Origine et histoire du Château de Combourg
Le château de Combourg, édifié dès 1016 par l'archevêque Guiguené pour son frère Rivallon, premier seigneur du lieu, servait initialement à protéger la seigneurie de Comburnium. Au XIe siècle, Rivallon, porte-étendard de Saint-Samson, renforça son rôle de protecteur de la cathédrale de Dol. Le château passa par alliances successives, notamment aux mains de Raoul II de Fougères au XIIe siècle, qui le fortifia face au roi Henri II d'Angleterre. Conquis par les troupes anglaises et bretonnes, il devint un enjeu stratégique avant d’être transmis à la maison de Châteaugiron-Malestroit au XIVe siècle.
Au XVIe siècle, le château fut hérité par le marquis de Coëtquen, puis au XVIIIe siècle par Emmanuel-Félicité de Durfort, duc de Duras, avant d’être acquis en 1761 par René-Auguste de Chateaubriand, père de l’écrivain. Ce dernier y passa une jeunesse morne, immortalisant le lieu dans ses Mémoires. La Révolution française marqua un tournant tragique : le château, confisqué et pillé en 1794 après l’exécution de Jean-Baptiste de Chateaubriand et de sa famille, fut rendu en 1796 à son fils Louis Geoffroy, alors âgé de sept ans. Abandonné pendant eighty ans, il fut décrit comme une ruine romantique par Flaubert en 1848.

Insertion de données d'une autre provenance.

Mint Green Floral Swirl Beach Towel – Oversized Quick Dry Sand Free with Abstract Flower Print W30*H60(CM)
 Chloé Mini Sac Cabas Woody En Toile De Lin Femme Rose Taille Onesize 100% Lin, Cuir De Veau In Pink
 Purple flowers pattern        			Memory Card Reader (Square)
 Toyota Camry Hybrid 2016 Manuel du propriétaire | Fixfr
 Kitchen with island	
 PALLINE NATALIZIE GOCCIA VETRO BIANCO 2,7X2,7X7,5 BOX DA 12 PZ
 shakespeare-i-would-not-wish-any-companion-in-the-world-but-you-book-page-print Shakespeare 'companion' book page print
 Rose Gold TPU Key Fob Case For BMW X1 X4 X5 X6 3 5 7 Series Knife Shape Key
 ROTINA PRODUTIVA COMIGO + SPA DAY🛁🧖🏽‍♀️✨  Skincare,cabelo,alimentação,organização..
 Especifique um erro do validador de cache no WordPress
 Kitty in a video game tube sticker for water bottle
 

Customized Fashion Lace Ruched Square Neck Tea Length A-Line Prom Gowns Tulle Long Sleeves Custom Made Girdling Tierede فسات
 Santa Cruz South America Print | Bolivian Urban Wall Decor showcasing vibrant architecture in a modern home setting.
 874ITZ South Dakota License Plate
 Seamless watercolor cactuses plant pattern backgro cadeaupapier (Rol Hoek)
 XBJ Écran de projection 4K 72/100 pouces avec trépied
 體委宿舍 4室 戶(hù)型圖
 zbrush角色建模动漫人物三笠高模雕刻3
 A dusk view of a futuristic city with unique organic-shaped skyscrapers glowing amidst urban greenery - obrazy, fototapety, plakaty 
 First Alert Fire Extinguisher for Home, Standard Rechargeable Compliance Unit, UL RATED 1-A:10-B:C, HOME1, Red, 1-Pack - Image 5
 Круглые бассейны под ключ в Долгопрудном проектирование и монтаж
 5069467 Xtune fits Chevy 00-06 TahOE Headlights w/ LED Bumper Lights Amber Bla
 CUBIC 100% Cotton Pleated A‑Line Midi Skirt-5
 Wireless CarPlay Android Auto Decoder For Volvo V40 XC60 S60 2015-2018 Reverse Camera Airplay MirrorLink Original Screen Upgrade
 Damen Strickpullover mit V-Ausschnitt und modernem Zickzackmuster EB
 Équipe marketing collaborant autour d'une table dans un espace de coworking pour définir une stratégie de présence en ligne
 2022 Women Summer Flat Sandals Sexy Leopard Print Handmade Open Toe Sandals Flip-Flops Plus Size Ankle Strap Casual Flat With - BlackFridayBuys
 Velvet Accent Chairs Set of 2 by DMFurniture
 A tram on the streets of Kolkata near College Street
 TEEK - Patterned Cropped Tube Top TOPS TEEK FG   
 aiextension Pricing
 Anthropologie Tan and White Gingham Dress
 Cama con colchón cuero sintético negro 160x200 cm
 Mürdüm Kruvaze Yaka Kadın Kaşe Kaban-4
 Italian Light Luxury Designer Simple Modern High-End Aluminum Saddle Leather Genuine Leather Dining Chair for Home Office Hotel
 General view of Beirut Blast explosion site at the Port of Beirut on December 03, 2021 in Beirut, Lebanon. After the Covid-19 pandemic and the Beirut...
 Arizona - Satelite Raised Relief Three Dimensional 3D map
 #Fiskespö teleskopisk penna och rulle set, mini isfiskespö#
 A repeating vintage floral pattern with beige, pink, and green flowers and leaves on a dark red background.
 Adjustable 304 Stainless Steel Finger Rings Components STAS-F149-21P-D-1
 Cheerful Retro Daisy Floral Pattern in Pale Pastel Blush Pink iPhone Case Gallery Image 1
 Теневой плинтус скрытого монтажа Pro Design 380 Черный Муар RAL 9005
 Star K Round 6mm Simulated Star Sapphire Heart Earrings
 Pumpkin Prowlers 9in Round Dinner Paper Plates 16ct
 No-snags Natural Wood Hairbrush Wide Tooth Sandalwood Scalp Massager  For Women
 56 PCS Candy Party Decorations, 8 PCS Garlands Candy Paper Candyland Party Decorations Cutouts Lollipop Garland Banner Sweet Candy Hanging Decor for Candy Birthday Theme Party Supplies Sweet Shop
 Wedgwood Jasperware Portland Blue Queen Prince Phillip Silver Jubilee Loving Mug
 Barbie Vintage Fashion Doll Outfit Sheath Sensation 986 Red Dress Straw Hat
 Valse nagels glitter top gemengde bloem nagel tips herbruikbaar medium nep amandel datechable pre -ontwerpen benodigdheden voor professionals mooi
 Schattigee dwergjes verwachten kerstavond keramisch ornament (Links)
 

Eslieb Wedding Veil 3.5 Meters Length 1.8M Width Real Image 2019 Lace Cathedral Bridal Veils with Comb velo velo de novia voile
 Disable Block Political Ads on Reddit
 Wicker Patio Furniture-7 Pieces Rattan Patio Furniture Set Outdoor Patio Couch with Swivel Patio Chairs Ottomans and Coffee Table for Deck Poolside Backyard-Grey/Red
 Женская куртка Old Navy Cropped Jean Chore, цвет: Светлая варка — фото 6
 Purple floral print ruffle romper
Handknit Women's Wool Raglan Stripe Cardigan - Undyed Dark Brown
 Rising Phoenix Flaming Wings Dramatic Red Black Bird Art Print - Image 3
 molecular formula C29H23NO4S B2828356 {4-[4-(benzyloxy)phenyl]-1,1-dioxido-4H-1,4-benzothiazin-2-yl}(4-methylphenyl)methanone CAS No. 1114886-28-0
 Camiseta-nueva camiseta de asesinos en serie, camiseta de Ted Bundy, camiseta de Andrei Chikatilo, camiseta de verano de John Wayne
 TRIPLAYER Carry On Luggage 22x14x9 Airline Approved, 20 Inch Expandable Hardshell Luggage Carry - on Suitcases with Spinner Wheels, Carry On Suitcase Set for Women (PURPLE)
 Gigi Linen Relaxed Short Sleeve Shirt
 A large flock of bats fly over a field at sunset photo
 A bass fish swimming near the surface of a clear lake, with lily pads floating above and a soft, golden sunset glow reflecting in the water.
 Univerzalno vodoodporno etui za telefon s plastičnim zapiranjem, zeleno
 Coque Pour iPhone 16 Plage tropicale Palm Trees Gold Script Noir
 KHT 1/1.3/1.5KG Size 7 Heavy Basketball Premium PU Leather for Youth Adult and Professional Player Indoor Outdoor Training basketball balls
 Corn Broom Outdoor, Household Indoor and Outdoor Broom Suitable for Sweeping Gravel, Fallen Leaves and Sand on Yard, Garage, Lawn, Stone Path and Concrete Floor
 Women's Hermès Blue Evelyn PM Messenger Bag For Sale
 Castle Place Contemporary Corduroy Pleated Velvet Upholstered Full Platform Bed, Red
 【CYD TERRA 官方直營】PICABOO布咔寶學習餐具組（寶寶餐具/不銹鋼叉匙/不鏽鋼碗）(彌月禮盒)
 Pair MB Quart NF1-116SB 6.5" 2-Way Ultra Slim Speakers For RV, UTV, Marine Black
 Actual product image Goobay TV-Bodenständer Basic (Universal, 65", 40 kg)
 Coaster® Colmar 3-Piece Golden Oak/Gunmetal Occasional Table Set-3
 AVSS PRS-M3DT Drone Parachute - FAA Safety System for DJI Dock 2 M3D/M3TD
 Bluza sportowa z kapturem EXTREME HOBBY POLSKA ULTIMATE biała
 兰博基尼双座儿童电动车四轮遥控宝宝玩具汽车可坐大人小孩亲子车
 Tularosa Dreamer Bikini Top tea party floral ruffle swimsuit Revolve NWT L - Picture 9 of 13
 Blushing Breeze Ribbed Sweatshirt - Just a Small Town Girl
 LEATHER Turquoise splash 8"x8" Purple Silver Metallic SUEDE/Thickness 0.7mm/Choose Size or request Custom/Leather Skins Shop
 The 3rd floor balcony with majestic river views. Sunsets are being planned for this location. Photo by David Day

Deux campagnes de restauration (1866 et 1878), menées par l’architecte Ernest Thrile, disciple de Viollet-le-Duc, transformèrent radicalement le château dans un style troubadour. Les modifications effacèrent des éléments originaux comme la chapelle et la salle des gardes, remplacés par des salons et un escalier monumental. Le parc fut redessiné à l’anglaise par les frères Bühler. Au XXe siècle, le château servit d’ambulance pendant la Première Guerre mondiale, accueillant 34 blessés, avant d’être visité par le général de Gaulle en 1949. Aujourd’hui, il appartient toujours à la famille de La Tour du Pin Verclause, descendants des Chateaubriand.
Le château est aussi connu pour ses légendes, notamment celle du comte à jambe de bois, Malo-Auguste de Coëtquen, mort en 1727 et censé hanter les escaliers. Une découverte macabre lors des restaurations – un chat momifié emmuré au XVIe siècle – alimenta la légende du « chat fantôme », liée à la Tour du Chat où Chateaubriand avait sa chambre. Ces récits, mêlés à l’histoire familiale des Chateaubriand, contribuent à l’aura mystique du lieu.
Classé Monument Historique depuis 1926 (inscription) et 1966 (classement partiel), le château de Combourg allie architecture médiévale – donjon du XIIIe siècle, mâchicoulis, tours crénelées – et transformations du XIXe siècle. Son étang, baptisé Lac Tranquille par Chateaubriand, et son parc à l’anglaise en font un site emblématique de la Bretagne romantique, lié à la fois à l’histoire féodale et à la littérature française.